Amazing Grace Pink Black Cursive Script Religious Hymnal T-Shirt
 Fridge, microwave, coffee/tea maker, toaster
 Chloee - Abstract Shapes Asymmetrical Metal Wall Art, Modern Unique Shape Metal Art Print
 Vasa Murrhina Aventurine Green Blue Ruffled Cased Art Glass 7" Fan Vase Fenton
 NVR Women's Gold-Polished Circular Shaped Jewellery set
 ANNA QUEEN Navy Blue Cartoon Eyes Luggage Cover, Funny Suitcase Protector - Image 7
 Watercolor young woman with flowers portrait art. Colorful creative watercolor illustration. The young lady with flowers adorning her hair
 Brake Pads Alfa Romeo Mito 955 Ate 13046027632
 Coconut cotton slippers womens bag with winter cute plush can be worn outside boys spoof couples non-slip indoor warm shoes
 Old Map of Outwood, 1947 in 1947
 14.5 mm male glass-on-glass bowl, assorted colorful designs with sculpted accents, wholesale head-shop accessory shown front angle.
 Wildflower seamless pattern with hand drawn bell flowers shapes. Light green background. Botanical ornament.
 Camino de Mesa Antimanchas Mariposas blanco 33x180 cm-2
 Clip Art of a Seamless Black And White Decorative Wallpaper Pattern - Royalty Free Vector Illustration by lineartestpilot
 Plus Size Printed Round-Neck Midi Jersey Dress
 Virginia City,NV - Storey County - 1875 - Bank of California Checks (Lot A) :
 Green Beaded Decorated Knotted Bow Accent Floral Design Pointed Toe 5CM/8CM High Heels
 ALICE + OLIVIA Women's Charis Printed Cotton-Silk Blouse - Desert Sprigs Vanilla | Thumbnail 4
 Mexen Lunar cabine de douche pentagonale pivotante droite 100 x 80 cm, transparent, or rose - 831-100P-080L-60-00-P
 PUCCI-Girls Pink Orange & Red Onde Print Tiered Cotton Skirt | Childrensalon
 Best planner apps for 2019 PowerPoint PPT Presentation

◇ ◇ ◇ ◇ ◇ ◇ ◇

_What the exercise asks_
Please repeat the data in full so that nothing differs from the original.

_Reply_
Amazing Grace Pink Black Cursive Script Religious Hymnal T-Shirt
 Fridge, microwave, coffee/tea maker, toaster
 Chloee - Abstract Shapes Asymmetrical Metal Wall Art, Modern Unique Shape Metal Art Print
 Vasa Murrhina Aventurine Green Blue Ruffled Cased Art Glass 7" Fan Vase Fenton
 NVR Women's Gold-Polished Circular Shaped Jewellery set
 ANNA QUEEN Navy Blue Cartoon Eyes Luggage Cover, Funny Suitcase Protector - Image 7
 Watercolor young woman with flowers portrait art. Colorful creative watercolor illustration. The young lady with flowers adorning her hair
 Brake Pads Alfa Romeo Mito 955 Ate 13046027632
 Coconut cotton slippers womens bag with winter cute plush can be worn outside boys spoof couples non-slip indoor warm shoes
 Old Map of Outwood, 1947 in 1947
 14.5 mm male glass-on-glass bowl, assorted colorful designs with sculpted accents, wholesale head-shop accessory shown front angle.
 Wildflower seamless pattern with hand drawn bell flowers shapes. Light green background. Botanical ornament.
 Camino de Mesa Antimanchas Mariposas blanco 33x180 cm-2
 Clip Art of a Seamless Black And White Decorative Wallpaper Pattern - Royalty Free Vector Illustration by lineartestpilot
 Plus Size Printed Round-Neck Midi Jersey Dress
 Virginia City,NV - Storey County - 1875 - Bank of California Checks (Lot A) :
 Green Beaded Decorated Knotted Bow Accent Floral Design Pointed Toe 5CM/8CM High Heels
 ALICE + OLIVIA Women's Charis Printed Cotton-Silk Blouse - Desert Sprigs Vanilla | Thumbnail 4
 Mexen Lunar cabine de douche pentagonale pivotante droite 100 x 80 cm, transparent, or rose - 831-100P-080L-60-00-P
 PUCCI-Girls Pink Orange & Red Onde Print Tiered Cotton Skirt | Childrensalon
 Best planner apps for 2019 PowerPoint PPT Presentation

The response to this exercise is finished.